* Description of the task *
The stretch wanted below opens at the line containing "Foto: Osservatore Romano" and closes at the line containing "AU COMMENCEMENT". Please return it exactly, with no other lines.

* Data *
+===+
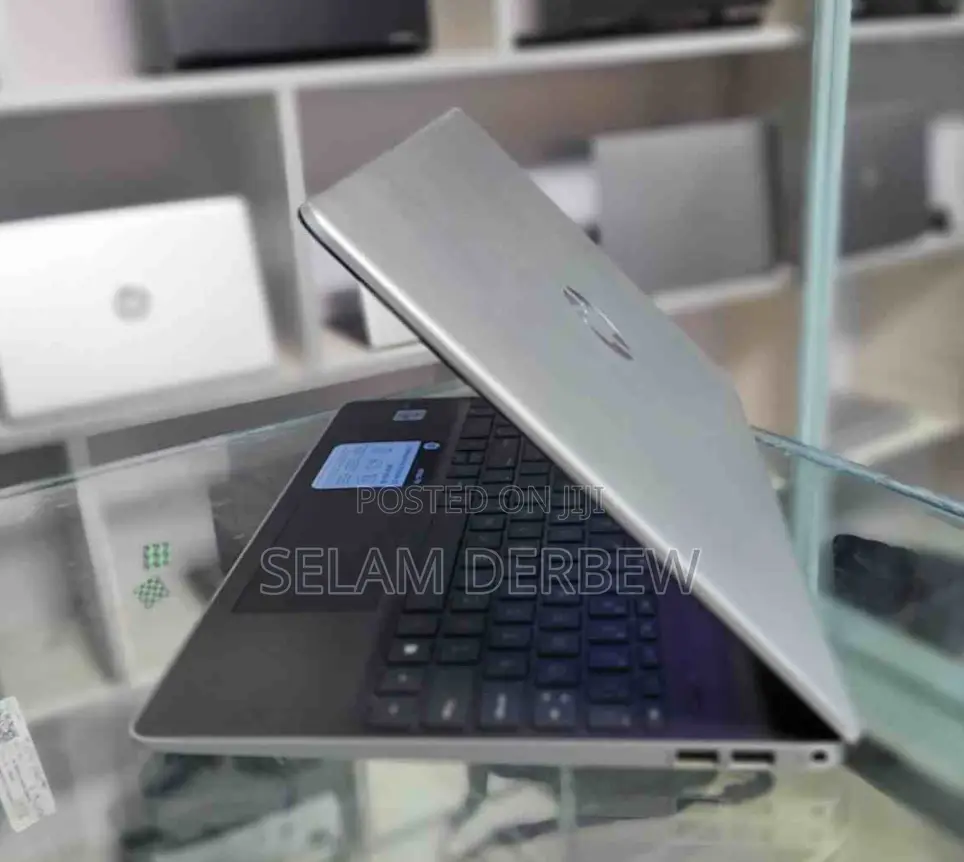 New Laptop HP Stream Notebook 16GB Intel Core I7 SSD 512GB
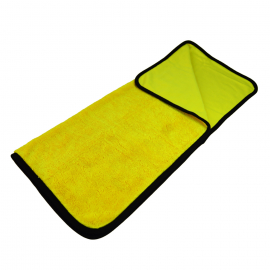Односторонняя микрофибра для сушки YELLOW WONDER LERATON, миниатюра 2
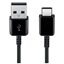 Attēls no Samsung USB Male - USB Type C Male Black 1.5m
+===+
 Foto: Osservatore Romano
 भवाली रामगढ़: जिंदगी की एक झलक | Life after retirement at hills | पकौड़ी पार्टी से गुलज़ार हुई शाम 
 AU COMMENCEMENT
+===+
* Solution for this task *
 Foto: Osservatore Romano
 भवाली रामगढ़: जिंदगी की एक झलक | Life after retirement at hills | पकौड़ी पार्टी से गुलज़ार हुई शाम 
 AU COMMENCEMENT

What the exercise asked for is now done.